Upon consummation of its acquisition by CoreStates on March 16, 1994,
Constellation Bancorp recorded merger-related charges in the first quarter of
1994 in connection with a change in strategic direction related to problem
assets and to conform consumer lending charge-off policies to those of
CoreStates, and for expenses directly attributable to the acquisition. These
merger-related charges totaled $127.8 million after-tax, or $0.89 per share. On
a pre-tax basis, these merger-related charges consisted of a $120.0 million
provision for loan losses, a $28.0 million addition to the OREO reserve, $13.0
million for the writedown of purchased mortgage servicing rights and related
assets, and $34.0 million for expenses directly attributable to the acquisition
including $8.0 million of severance costs related to approximately 370
employees.
1994 Accounting Change - During the first quarter of 1994, CoreStates
----------------------
recognized a $3.4 million after-tax, or $0.02 per share, impairment loss on
certain mortgage securities as a cumulative effect of a change in accounting
principle. The loss was the result of a writedown to fair value of these
securities, which were deemed to be impaired. This resulted from the Financial
Accounting Standards Board's ("FASB") 1994 interpretation of Statement of
Financial Accounting Standards No. 115 ("FAS 115"). The interpretation,
reached by a consensus of the FASB Emerging Issues Task Force in March 1994,
provides more definitive criteria for recognition of impairment losses on these
types of securities.
Total non-performing assets of $207.8 million or 0.72% of assets at
September 30, 1995 decreased $103.1 million, or 33.2%, from December 31, 1994.

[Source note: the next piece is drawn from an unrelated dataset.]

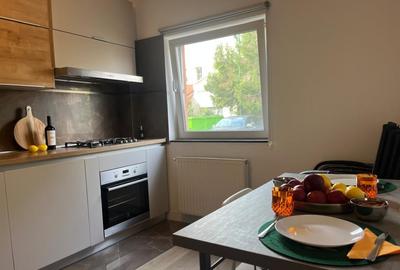 Vila superba in cartier de lux CLASS - Gradina 2 Locuri Parcare PIPERA Vila superba in cartier de lux CLASS - Gradina 2 Locuri Parcare PIPERA - 9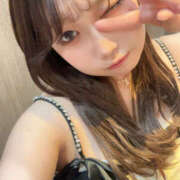 ヒメ日記 2025/12/14 22:05 投稿 ここあ Minniy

The decrease from December 31, 1994 was primarily divided between the
non-performing commercial loan portfolio, which decreased $41.0 million or
47.0%, and the non-performing real estate portfolio which declined by $52.7
million or 27.2%.
The provision for loan losses for the third quarter of 1995 was $27.5
million, up $2.5 million from the prior year third quarter and the 1995 second
quarter provisions. The allowance for loan losses at September 30, 1995 was
$501.4 million, or 2.37% of loans and 300.5% of non-performing loans.
Consolidated total assets at September 30, 1995 were $28.8 billion, down
$0.5 billion from the $29.3 billion at 1994 year-end. The September 30, 1995
tier 1 capital ratio, total capital ratio and tier 1 leverage ratio at 8.1%,
11.8% and 7.4%, respectively, were well in excess of regulatory guidelines.